Collaborative Research: Polynyas in Coastal Antarctica (PICA): Linking Physical Dynamics to Biological Variability
Polynyas in Coastal Antarctica
During winter, sea-ice coverage along the Antarctic coast is punctuated by numerous polynyas--isolated openings of tens to hundreds of kilometer wide. These coastal polynyas are hotspots of sea ice production and the primary source regions of the bottom water in the global ocean. They also host high levels of biological activities and are the feeding grounds of Emperor penguins and marine mammals. The polynyas are a key component of the Antarctic coastal system and crucial for the survival of penguins and many other species. These features also differ dramatically from each other in timing of formation, duration, phytoplankton growth season, and overall biological productivity. Yet, the underlying reasons for differences among them are largely unknown. This project studies the fundamental biophysical processes at a variety of polynyas, examines the connection between the physical environment and the phytoplankton and penguin ecology, and investigates the mechanisms behind polynya variability. The results of this interdisciplinary study will provide a context for interpretation of field measurements in Antarctic coastal polynyas, set a baseline for future polynya studies, and examine how polynya ecosystems may respond to local and large-scale environmental changes. The project will include educational and outreach activities that convey scientific messages to a broad audience. It aims to increase public awareness of the interconnection between large-scale environmental change and Antarctic coastal systems.

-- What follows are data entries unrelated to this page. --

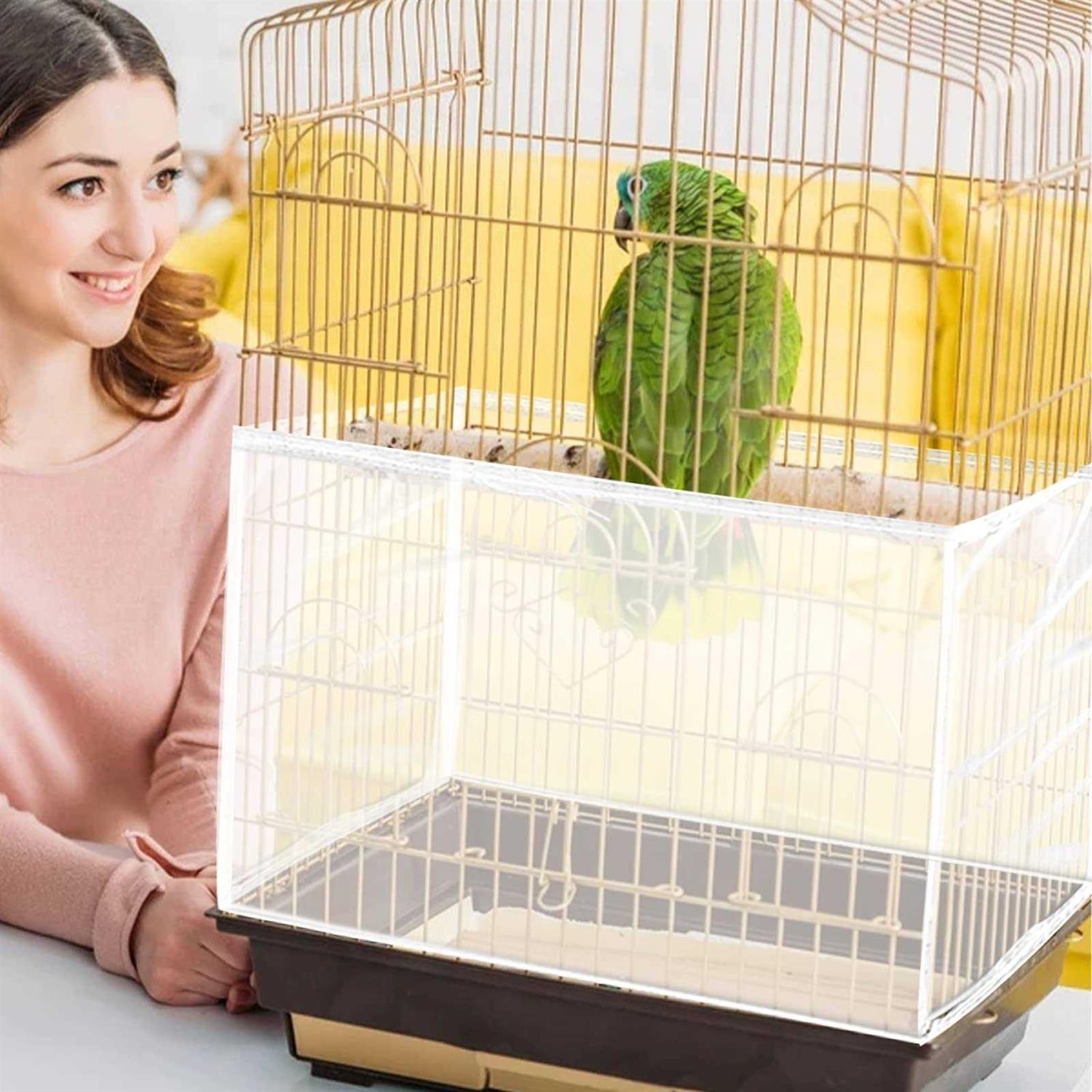 Daoeny Bird Cage Seed Catcher Large Bird Cage Cover Adjustable Soft Airy Nylon Mesh Net - Nail Gallerys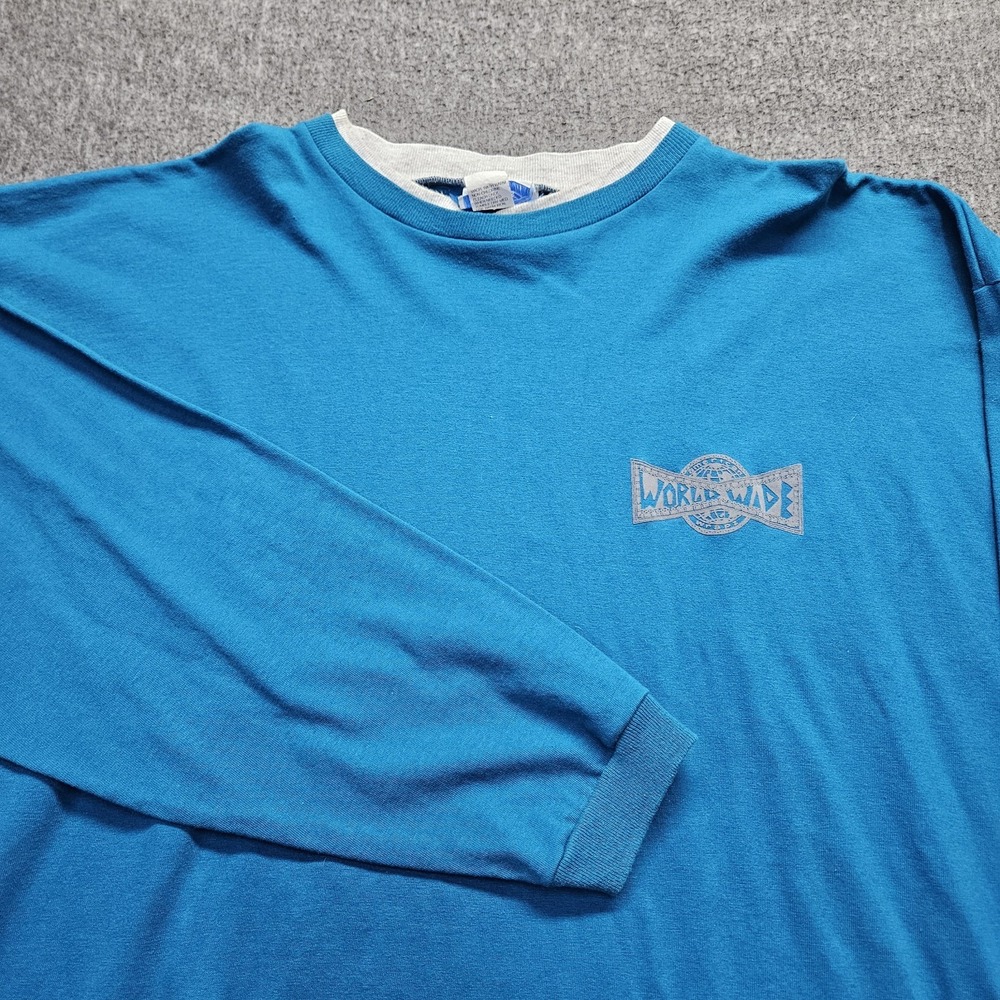 Vintage Worldwide Long Sleeve Blue American Wraps Design Concepts DDRF Size XXL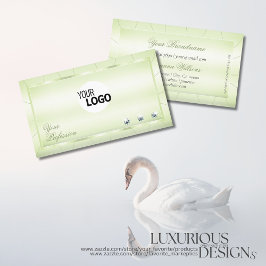 Elegance Pastel Groen met Diamonds en Logo Luxe Visitekaartje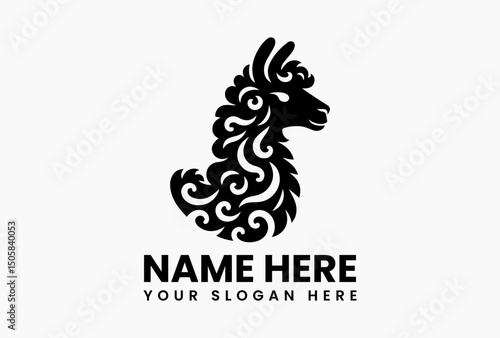 Elegant black and white vector illustration of a patterned llama head for animal themed branding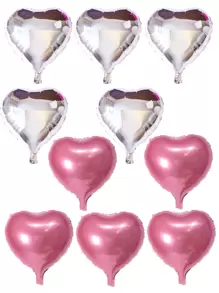 10pcs/1pack 18-Inch Floating Metallic Red & Silver Heart Shaped Foil Balloon For Valentine's Day Proposal Wedding Birthday Party Decor - Multicolor - View 4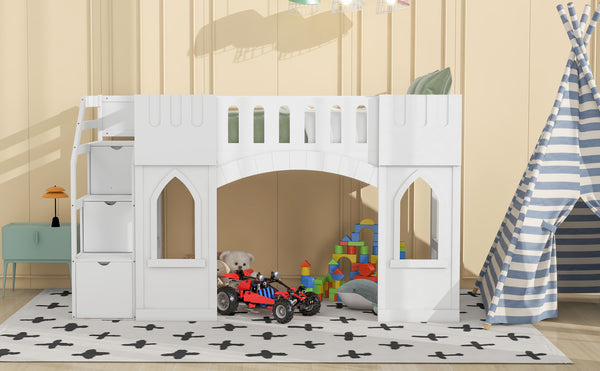 English Elm Twin Loft Bed with Storage Staircase and Window — Pinewood Modern Space-Saving Kids' Play & Sleep Loft White GX000727AAK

The main objectives of this study are to form a comprehensive understanding of the temporal and spatial variability of Antarctic coastal polynyas and the physical controls of polynya ecosystems. The project takes an interdisciplinary approach and seeks to establish a modeling system centered on the Regional Ocean Modeling System. This system links the ice and ocean conditions to the plankton ecology and penguin population. Applications of the modeling system in representative polynyas, in conjunction with analysis of existing observations, will determine the biophysical influences of individual forcing factors. In particular, this study will test a set of hypothesized effects of winds, offshore water intrusion, ice-shelf melting, sea-ice formation, glacier tongues, and ocean stratification on the timing of polynya phytoplankton bloom and the overall polynya biological productivity. The project will also examine how changing polynya state affects penguin breeding success, adult survival, and population growth. The team will conduct idealized sensitivity analysis to explore implications of forcing variability, including local and large-scale environmental change, on Antarctic coastal ecosystems.